The day before Thanksgiving is all about slow-rolling your way to early dismissal, so let’s pass the time listing all that we’re thankful for in corporate ethics and compliance this year. I’ll start.
I’m thankful for compliance professionals who update your LinkedIn profiles promptly. You are what makes the Compliance Jobs Report a success.
I’m thankful that the Public Company Accounting Oversight Board finally has a full board again that holds meetings, gives speeches, and otherwise acts the way a regulatory agency should. Now please move your project considering new standards for data analytics in auditing to the top of your priority list.
I’m thankful for the Big Cases Bot, @big_cases, which automatically tweets out links to new filings in all sorts of federal litigation. Such a wonderfully easy way to stay on top of current litigation — especially when the alternative is the PACER system, which I believe was first developed by the Ancient Greeks and is still used by federal courts today.
I’m thankful for good graphic designers, who make the research papers I write so cool and easy to read.
I’m thankful for the misconduct of current and former Trump Administration cabinet members such as Tom Price, Ryan Zinke, and Scott Pruitt; plus staffer Omarosa Manigault-Newman and many others. They provide endless lessons on organizational behavior for the compliance profession. I look forward to many more lessons in 2019 from acting attorney general Matt Whitaker, commerce secretary Wilbur Ross, and of course President Trump himself.
I’m thankful for the PR people who email me with news, especially when you email me the news with advance notice. I really do read all your emails, even if I don’t reply.
I’m thankful that the Securities and Exchange Commission is pressuring companies to do better at disclosing cybersecurity risks and at managing those risks. Sure it’s a difficult issue, but the SEC needed to address it somehow. The sanctions and guidance the agency has published so far this year are both reasonable, and food for much thought among compliance officers.
I’m thankful for Howard Wilkinson, the whistleblower of the vast money laundering scheme that ran out of Danske Bank for so long.
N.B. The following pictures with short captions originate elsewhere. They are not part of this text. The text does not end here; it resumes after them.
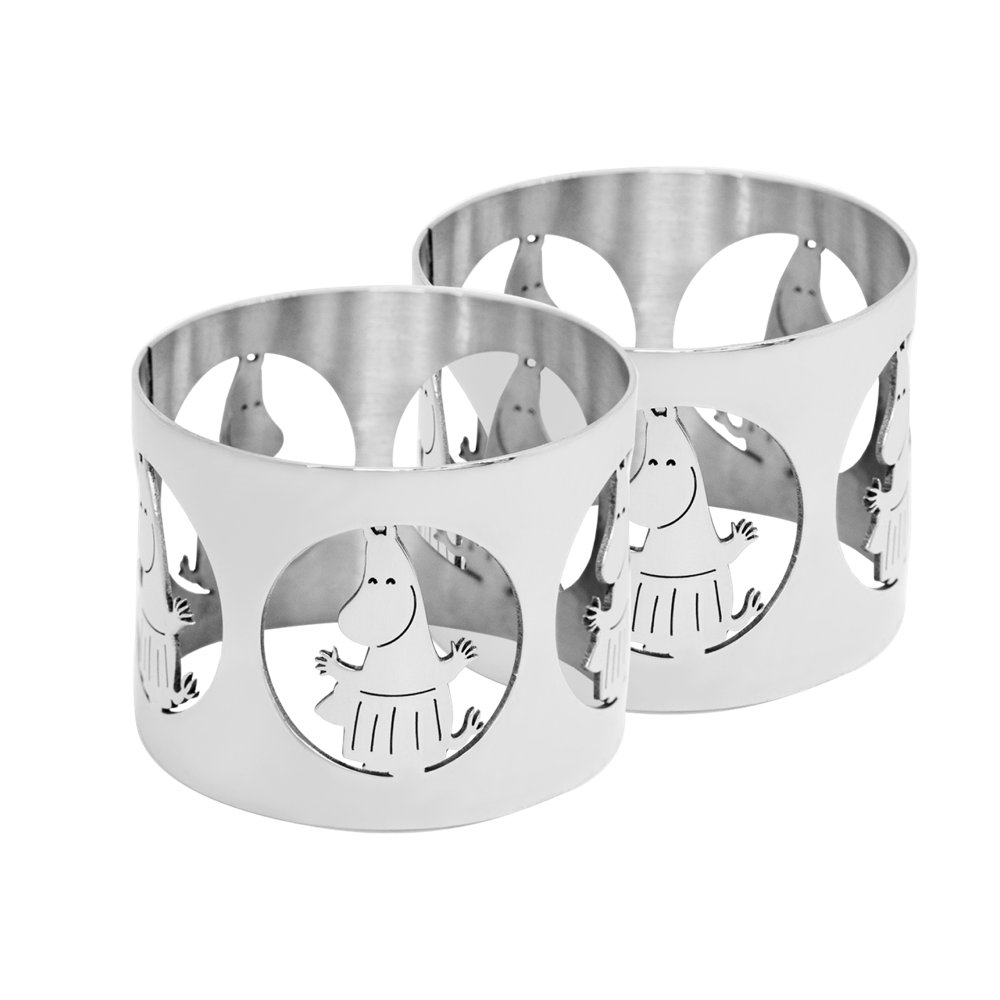 Napkin rings Hilke X Moomin, Moominmamma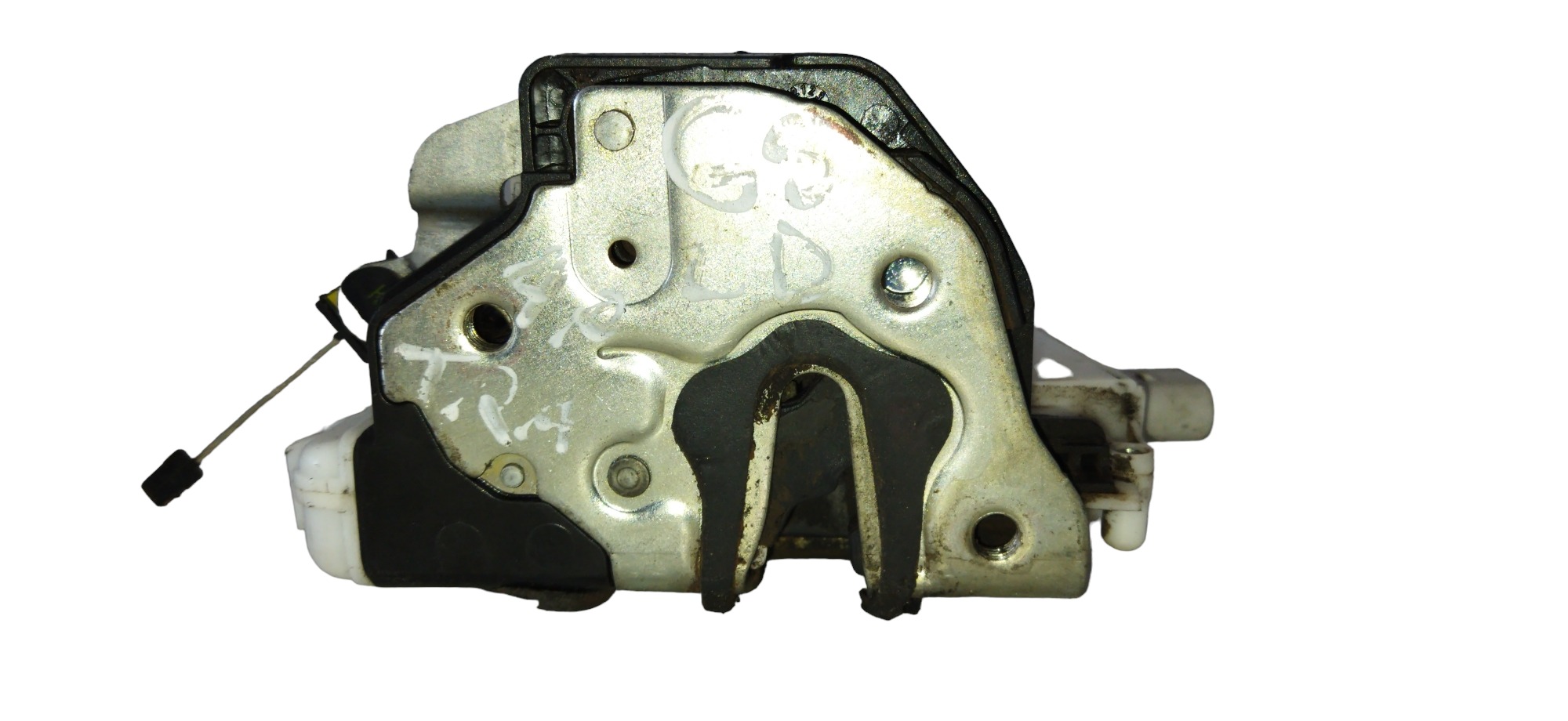 Fechadura Traseira  Direita Vw Gol G5 5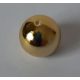 32474 | Chrome Gold Technic Ball Joint | Custom Chromed by BUBUL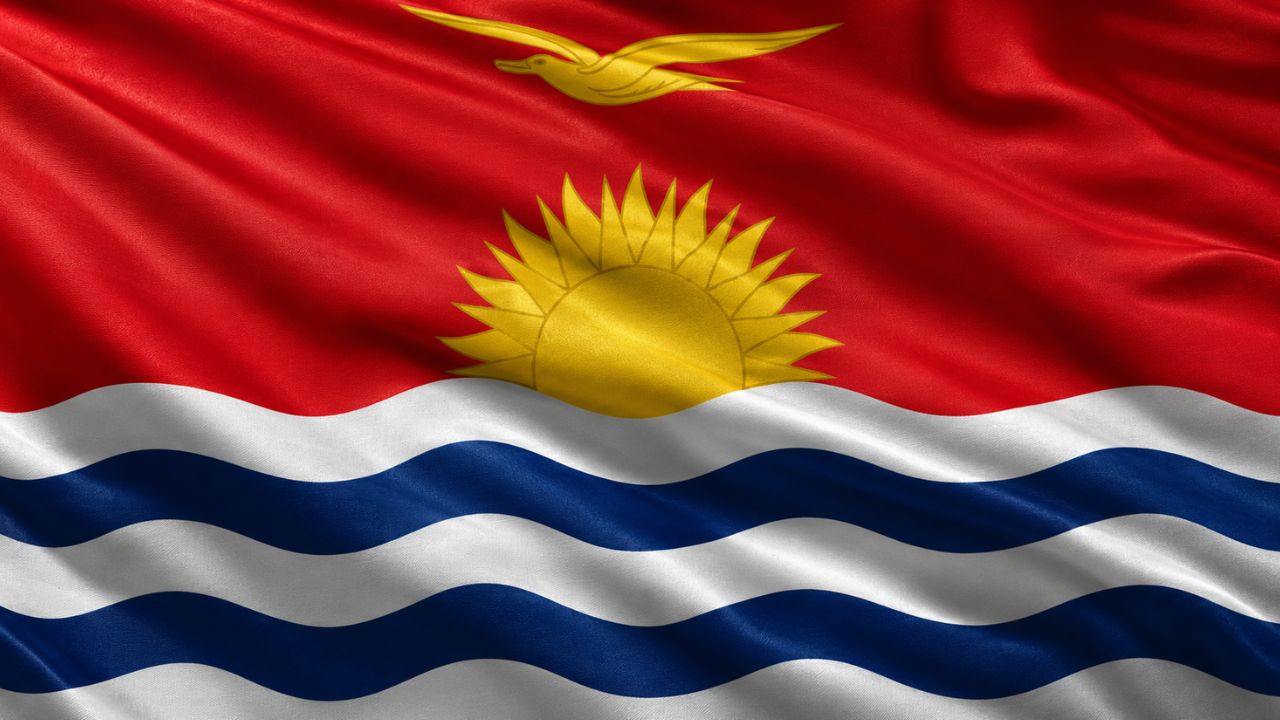 Domain Hosting for Business in Kiribati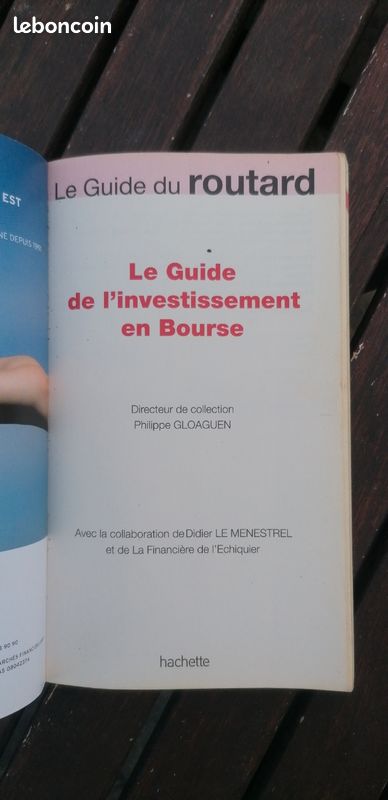 Guide du routard de l'investissement en bourse (image 2)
His decision to speak up is bringing all sorts of discomfort to bankers and banking regulators in Europe about their anti-money laundering efforts, and that discomfit is needed.
I’m thankful for PwC’s “State of…” reports: the State of Compliance, the State of Internal Audit, and the annual CEO survey. They always provide interesting reading. (That former PwC guy Lock Nelson and I launched the State of Compliance report back in 2011 has nothing to do with why I still read it, I swear.)
I’m thankful for Bad Banks and Homecoming, two new TV shows I discovered this year where corporate compliance and corporate culture are major themes. They are only two excellent programs in a rich genre.
I’m thankful Amazon decided to put its HQ2 in New York and Washington, rather than Boston, since the proposed Boston location was quite close to my home and we didn’t need that traffic. Then again, I thought all along that HQ2 was really just a scam for Amazon to get promises of tax breaks from local governments across the nation.
I’m thankful that I’m old enough to remember the Red Sox in the 1980s and 90s, when they totally stunk. Puts the World Series victories of this century in proper perspective.
I’m thankful for the new accounting standard for leases, going into effect on Dec. 15. It brings light to off-balance sheet liabilities, which is good for everyone; and provides plenty of fodder for corporate compliance writers and analysts, which is good for me.
I’m thankful for XBRL, the computer language that makes financial data easier to find, read, and analyze. House Republicans tried to repeal the XBRL filing requirement for companies earlier this summer, and that daft idea died a quiet death. XBRL needs improvement, not repeal.
I’m thankful the House also decided not to exempt Section 404(b) of the Sarbanes-Oxley act for a vast swath of public filers. Sure, the SEC will try to expand the exemption on its own in 2019 anyway, but investor and good governance enthusiasts should fight one battle at a time.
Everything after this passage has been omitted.